By Martha Sullivan

It’s easy to make fun of the Sixers, who haven’t won an NBA title in 32 years, and whom Ed Snider, supposedly a sports business genius, ran into the ground for 15 years before Josh Harris bought them off the scrap heap.

The 2015-16 season opens in 11 days, and here is how ESPN magazine rates the franchise:

Overall: 98th out of 122 teams ranked
Title track: 82
Ownership: 108
Coaching: 56
Players: 73
Fan relations: 98
Affordability: 63
Stadium experience: 100
Bang for the buck: 106
Change from last year: -5

How dire are Philly’s straits? The Sixers narrowly skirted historical ignominy in 2014-15, losing 17 straight to begin the season, falling just one loss short of the 2009-10 Nets’ start of shame.

Still, general manager Sam Hinkie remains stalwart in his lose-to-win approach to basketball, taking 10 steps back in order to (hopefully) take one giant leap forward someday soon.

Color the City of Brotherly Love skeptical: The fans’ faith in ownership — and its ability to produce a championship — both took hits in our rankings this year, falling 19 and 15 spots, respectively.

What’s good

The Sixers are losing, but it’s by design! No, really, fans in Philly seem relatively confident that the team’s uncanny knack for stockpiling losses is not due to incompetence from the guy on the sideline, nor the young nucleus taking the court every night.

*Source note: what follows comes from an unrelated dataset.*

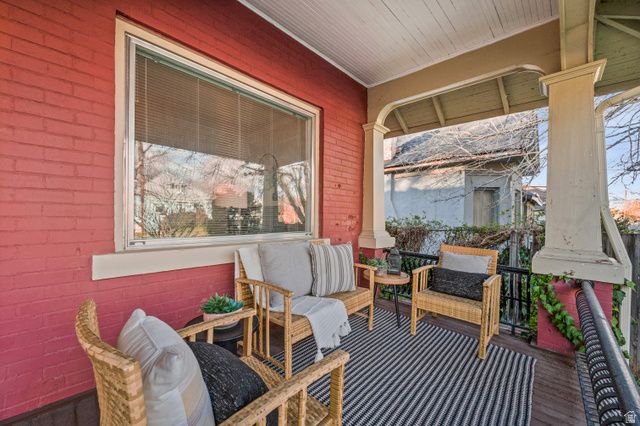 1476 S 300 E, Salt Lake City, UT 84115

Head coach Brett Brown and his staff make a habit of compiling exhaustive analytics — from tracking player percentages in shootarounds to monitoring hydration and sleep levels with a “fatigue-tracking GPS device.” Coaching, in turn, received a modest bump, rising seven spots to a respectable No. 56.

What’s bad

So, so much. On the court, the Sixers were the league’s worst shooting team, barely hitting over 40 percent, and under 70 from the line. And 2014 No. 3 pick Joel Embiid looks to be on track to miss his first two seasons in a Philly uniform, waylaid by a host of back and foot injuries. All that is to say, not shockingly, much of the life has been sucked out of the Wells Fargo Center, which has finished near the bottom of the league in attendance the past two seasons. And despite a relatively respectable showing in affordability (No. 63), the Sixers’ fan cost per season increased by 6.2 percent — more than three times the NBA average. So the team’s bang for the buck? Holding strong in the sub-100s for the second straight year.

What’s new

Optimism? In Philly? About the basketball team? Don’t look now, but Philadelphians are (cautiously) encouraged by the team’s collection of young talent. Nerlens Noel’s turn as rookie of the year hopeful in 2014-15 and the addition of Duke big man Jahlil Okafor in the 2015 draft helped boost the Sixers’ players ranking by 25 spots from last year.